Clarity on the scope of the implied duty of good faith in a contract
It is well understood that English law has not dedicated itself to laying down a general principle of good faith in respect of performance of commercial contracts and that, parties are free to tailor contracts to their own liking and any express terms agreed between them are not undermined. However, the concept of good faith can be introduced and affect a commercial contract in a limited number of ways.
The High Court in New Balance Athletics, Inc. v Liverpool Football Club and Athletic Grounds Ltd  EWHC 2837 has clarified the scope of the implied duty of good faith in a contract and held that the duty of good faith can be breached not only by dishonesty, but also by conduct that is not faithful to the parties’ bargain. In considering whether a party has not been faithful to the parties’ bargain, the court said “… it is of course necessary to bear in mind the nature of the bargain, the terms of the contract and the context in which the matter arises. Ultimately, the question for the court is whether reasonable and honest people would regard the challenged conduct as commercially unacceptable”.

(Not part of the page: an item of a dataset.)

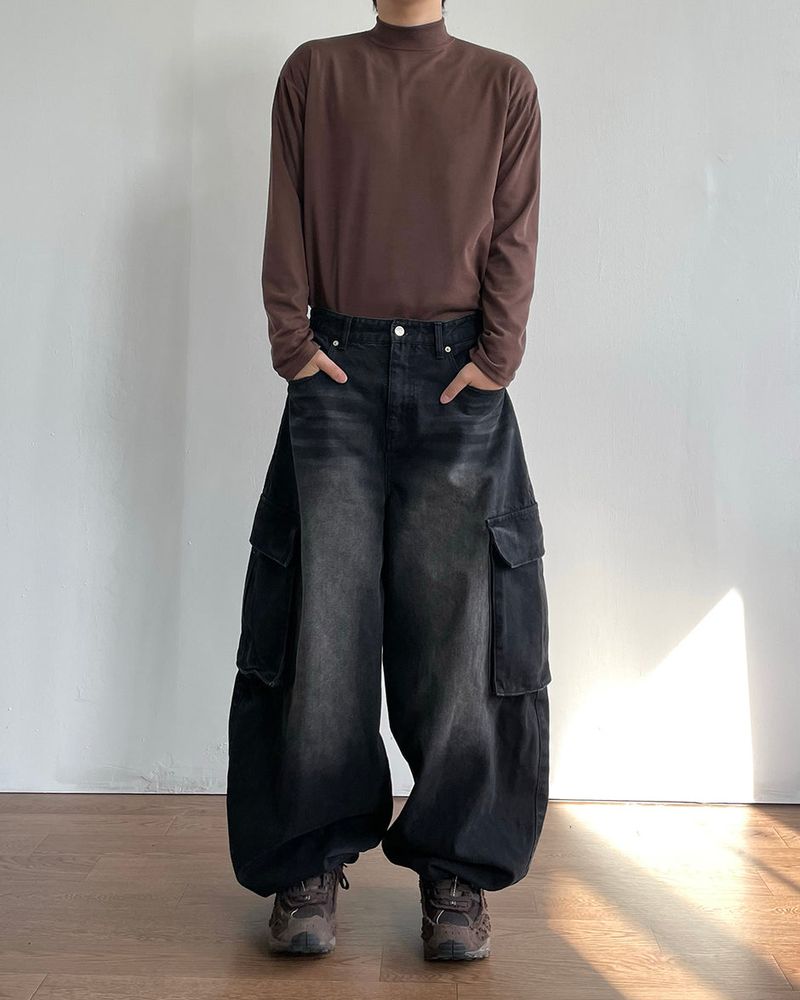 Winter mockneck knit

If an implied duty of good faith is breached, it may be held to be a ‘repudiatory’ breach and entitle the innocent party to terminate the contract and claim damages.

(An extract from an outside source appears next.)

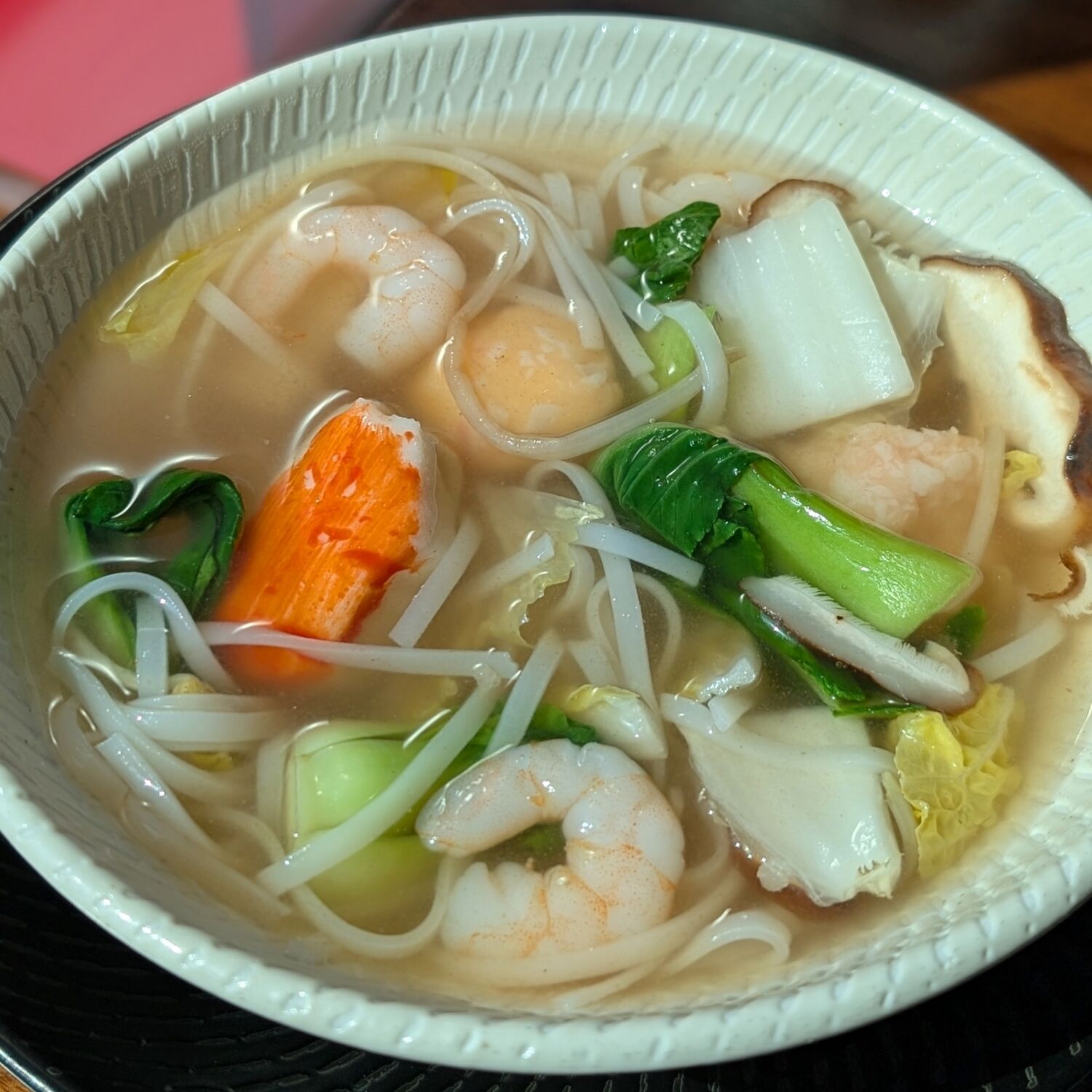 Fairmont Ambassador Seoul Spectrum Breakfast Rice Noodle Soup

Parties may decide to expressly exclude an implied duty of good faith in their dealings with one another, but this would likely be ineffective. In any event, attempting to implement an express term in a contract to exclude an implied duty of good faith, or even proposing the exclusion to another party to the agreement, may be disastrous; nobody wants to enter into a long-term relationship that requires loyalty, trust and cooperation where one party wants to avoid an obligation to act in good faith altogether.